A full day yesterday working on my compressor. It all seems to work. Here's a plain sine wave compressed by 2:1 at 6dB with the Sony Dynamic Compressor:
Here's mine, with the same settings:
The 6dB line is the upper grey line, so the values over that should be halved. You might notice this looks exactly right on mine but the Sony one cuts a bit more, it's a little bit below half. This, perhaps, is due to a volume trace which doesn't hug the level so tightly (or a loose gate). Either way, my version is better in that respect, but it is more severe in its clamping, though not so much to be audible.

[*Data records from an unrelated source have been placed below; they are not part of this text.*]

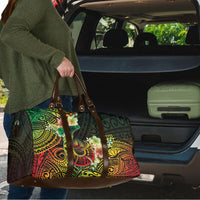 Hawaii Discoverers Day Travel Bag Polynesian Fish Hook With Hibiscus Reggae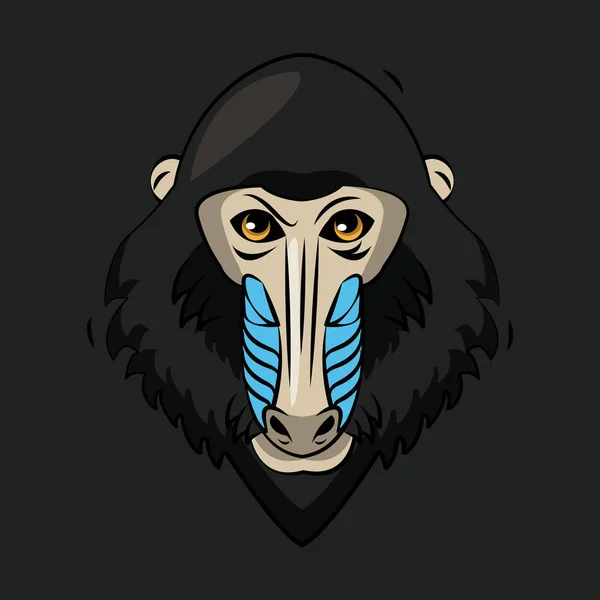 Impresión de dibujos animados de mono mandril para camiseta — Vector de stock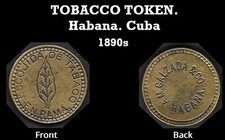 RARE Cuban Tobacco TOKEN of Salary in Havana Cigar Factory. 1890s. bands, labels picture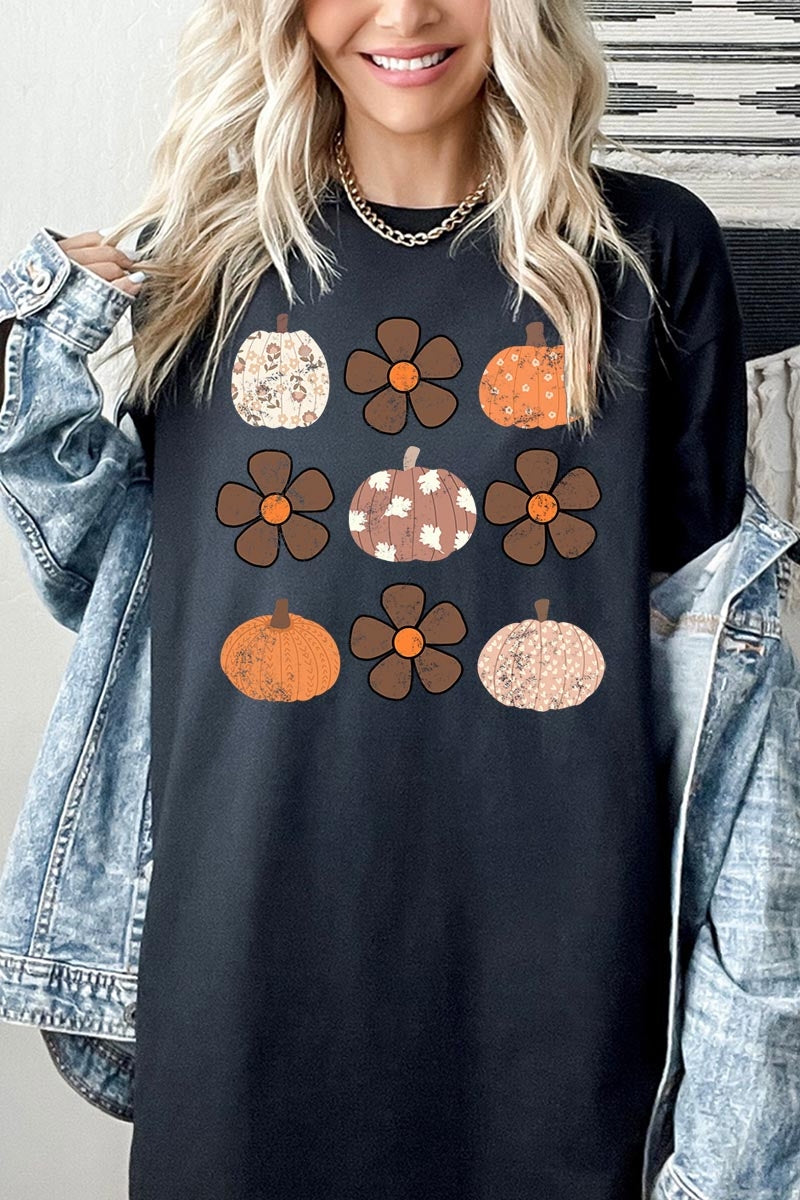 5000P-E3117 Pumpkins & Flowers Fall Plus Heavy Cotton Tee $12.75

The slope at the start is the slow (50ms) gate kicking in. My linear one looked a bit digital, so I changed it to a smooth curve using: smoothgate=sinf(gate*PI+ONEANDAHALFPI)/2+0.5f
I remember now why I did this; it's because I haven't got a comparable effect and I needed one to process my audiobook tracks. Before now, I had to use SoundForge for those because Prometheus couldn't load such large files, and I also needed a compressor up to the job. In audio tests it all seems to work and is remarkably fast and simple. It's strange in life how things which once seemed impossible or supreme can, in future years, seem small and trivial without any indication of when this transition occurred.
I've named it Stone Compression. My other one is called Wire Compression because the volume trace reminded me of a wire running along the sound wave. This one is more solid, like mountains. My reverbs are named after gasses, so the compressors can be named after materials.
Enough with this! I've not be artistically active in a few weeks, not since before Morecambe. I need to move on and start making things. One last trip this evening, to Manchester to see the poet Jackie Kay.